= Beginning of Section =
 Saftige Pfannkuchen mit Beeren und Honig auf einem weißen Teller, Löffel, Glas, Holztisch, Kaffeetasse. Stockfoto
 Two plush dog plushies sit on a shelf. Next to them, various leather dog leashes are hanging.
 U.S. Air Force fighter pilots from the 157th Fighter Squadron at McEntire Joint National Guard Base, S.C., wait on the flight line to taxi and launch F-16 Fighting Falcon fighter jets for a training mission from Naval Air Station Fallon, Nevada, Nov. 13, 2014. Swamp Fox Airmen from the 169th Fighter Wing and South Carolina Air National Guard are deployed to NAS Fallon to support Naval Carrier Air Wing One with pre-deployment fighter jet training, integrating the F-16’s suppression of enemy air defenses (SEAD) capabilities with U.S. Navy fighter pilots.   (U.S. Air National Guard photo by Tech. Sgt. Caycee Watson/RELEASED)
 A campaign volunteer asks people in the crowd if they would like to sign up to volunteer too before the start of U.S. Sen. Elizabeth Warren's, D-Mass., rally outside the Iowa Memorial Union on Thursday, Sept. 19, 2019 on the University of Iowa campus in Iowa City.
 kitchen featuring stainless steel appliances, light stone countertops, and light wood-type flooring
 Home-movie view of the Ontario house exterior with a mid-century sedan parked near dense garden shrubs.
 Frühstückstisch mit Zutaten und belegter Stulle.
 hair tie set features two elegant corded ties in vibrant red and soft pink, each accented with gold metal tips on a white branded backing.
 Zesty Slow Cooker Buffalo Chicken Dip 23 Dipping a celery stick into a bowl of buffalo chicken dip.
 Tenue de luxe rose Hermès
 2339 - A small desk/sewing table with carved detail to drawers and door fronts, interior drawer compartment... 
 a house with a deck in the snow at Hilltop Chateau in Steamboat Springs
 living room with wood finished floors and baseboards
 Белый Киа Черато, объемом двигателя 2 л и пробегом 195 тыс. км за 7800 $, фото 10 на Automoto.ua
= End of Section =
### Task to complete
Extract, from the material above, each line holding the word "with".

### Response box
 U.S. Air Force fighter pilots from the 157th Fighter Squadron at McEntire Joint National Guard Base, S.C., wait on the flight line to taxi and launch F-16 Fighting Falcon fighter jets for a training mission from Naval Air Station Fallon, Nevada, Nov. 13, 2014. Swamp Fox Airmen from the 169th Fighter Wing and South Carolina Air National Guard are deployed to NAS Fallon to support Naval Carrier Air Wing One with pre-deployment fighter jet training, integrating the F-16’s suppression of enemy air defenses (SEAD) capabilities with U.S. Navy fighter pilots.   (U.S. Air National Guard photo by Tech. Sgt. Caycee Watson/RELEASED)
 Home-movie view of the Ontario house exterior with a mid-century sedan parked near dense garden shrubs.
 hair tie set features two elegant corded ties in vibrant red and soft pink, each accented with gold metal tips on a white branded backing.
 2339 - A small desk/sewing table with carved detail to drawers and door fronts, interior drawer compartment... 
 a house with a deck in the snow at Hilltop Chateau in Steamboat Springs
 living room with wood finished floors and baseboards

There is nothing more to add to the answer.